Believing and Unbelieving Spouses
“And the woman which hath an husband that believeth not, and if he be pleased to dwell with her, let her not leave him. For the unbelieving husband is sanctified by the wife, and the unbelieving wife is sanctified by the husband: else were your children unclean; but now are they holy. But if the unbelieving depart, let him depart. A brother or a sister is not under bondage in such cases: but God hath called us to peace. For what knowest thou, O wife, whether thou shalt save thy husband? or how knowest thou, O man, whether thou shalt save thy wife?”
1 Corinthians 7:13-16
One who is married to a believer is a uniquely privileged individual. The home is favoured because a Christian forms one partner in the marriage. This is a powerful argument encouraging such people to come to Christ. Embrace the privilege and come to the Saviour who is blessing you richly because of a husband or wife’s faith. A believing spouse does not convert your soul, but such a partner points you to the Saviour with a love that few others can show.
This, however, does not condone the unequal yoke as a legitimate choice. Paul is here writing about people who were both unbelievers at the time of marriage but one was converted at a later date.
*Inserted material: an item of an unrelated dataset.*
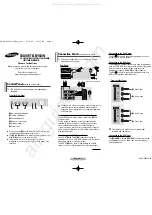 Samsung CS-29140MH Owner'S Instructions Manual preview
Paul, however, was a realist – some of those believers who had pagan partners would suffer marriage breakdown. While the believer was obliged to do all in their power in keep the home and marriage together, this was not always possible if a willingness did not exist on the part of the other. If the marrriage did break down because the unbeliever left – the Christian was not be defined by this circumstance and was certainly not to be under bondage. Divorce is a sad reality in our world. The Church, does well to be like Paul, and pray over ways of showing love and consideration to those experiencing the pain of breakdown through no fault of their own.
Christian Children
“now are they holy.”
1 Corinthians 7:14
Children of believers are part of the visible life and witness of the Church. While they are not members of the invisible Church—the body of Christ—until they are born again, they nevertheless belong within the gathered people of God. They are prayed over, taught, and instructed in the things of the Lord. This privilege does not save them, but it directs them to the Saviour who will.
Learning Contentment
“Let every man abide in the same calling wherein he was called. Art thou called being a servant? care not for it: but if thou mayest be made free, use it rather. For he that is called in the Lord, being a servant, is the Lord’s freeman: likewise also he that is called, being free, is Christ’s servant. Ye are bought with a price; be not ye the servants of men. Brethren, let every man, wherein he is called, therein abide with God.”
1 Corinthians 7:20-24
Whatever our calling – to marriage with or without children, to those who are single and even to widows – the Scriptures teach contentment. Our lives have been purchased by the blood of Christ. Let us live as unto the Lord.
Conclusion
1 Corinthians 7 provides a balanced and practical framework for understanding marriage, singleness, and Christian living. It affirms the goodness of marriage, the value of singleness, the call to faithfulness, and the importance of contentment in every circumstance.
Whether in marriage or singleness, the call is the same: to live wholly for Christ, with lives marked by faithfulness, contentment, and devotion to His will.